TL;DR
This study evaluates whether the Indus sign system exhibits linguistic properties by comparing it to non-linguistic baselines, revealing it does not fully match either, suggesting a complex nature.
Contribution
Introduces a multi-metric framework to assess linguistic versus non-linguistic features in the Indus corpus, providing a novel quantitative analysis.
Findings
Indus corpus does not match either non-linguistic baseline.
Indus signs occupy an intermediate position between the two baselines.

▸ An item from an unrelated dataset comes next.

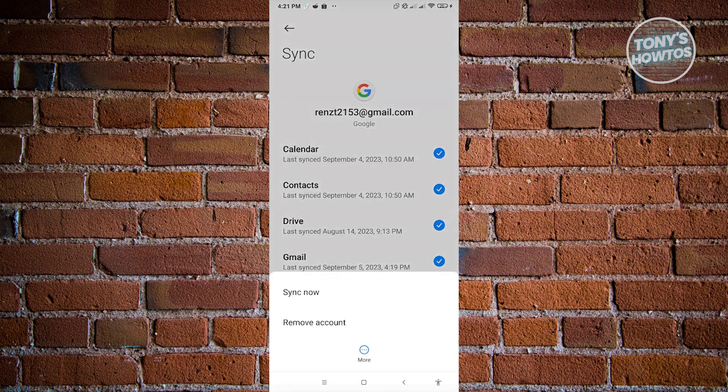And from here, you see the option that says Remove Account. If you want to remove this account, just click on Remove Account. And from there, that account will now be removed.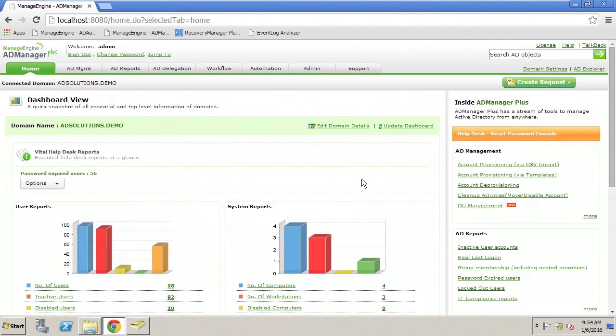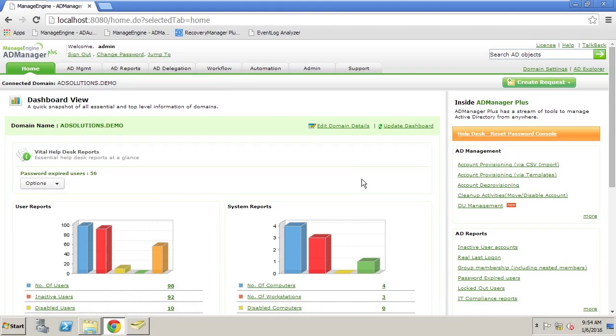Hi, I'm Derek Melber, Technical Evangelist for the AD Solutions team here at ManageEngine. AD Manager Plus is an extremely powerful tool, giving you insight into information that's either on one machine or on many different servers throughout your organization. I often get the question, who has access to what folder on any particular server?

No real-world non-linguistic corpus fully reproduces Indus statistical profile.
Abstract
Whether the Indus Valley sign system (c. 2600-1900 BCE) encodes spoken language has been debated for decades. This paper introduces a multi-metric discrimination framework that tests the observed Indus corpus against two kinds of computer-generated non-linguistic baseline -- one mimicking a heraldic emblem system, the other an administrative coding system -- each calibrated with Zipfian frequency distributions, positional constraints, and bigram dependencies derived from six attested non-linguistic corpora. The scorecard evaluates four properties central to the Farmer-Sproat-Witzel (2004) critique: text brevity, repeated formulaic phrases, hapax legomenon rate, and positional rigidity. Applying this framework to 1,916 deduplicated inscriptions (584 unique signs, 11,110 tokens) from the ICIT/Yajnadevam digitization, we find that the Indus corpus does not match either baseline cleanly.…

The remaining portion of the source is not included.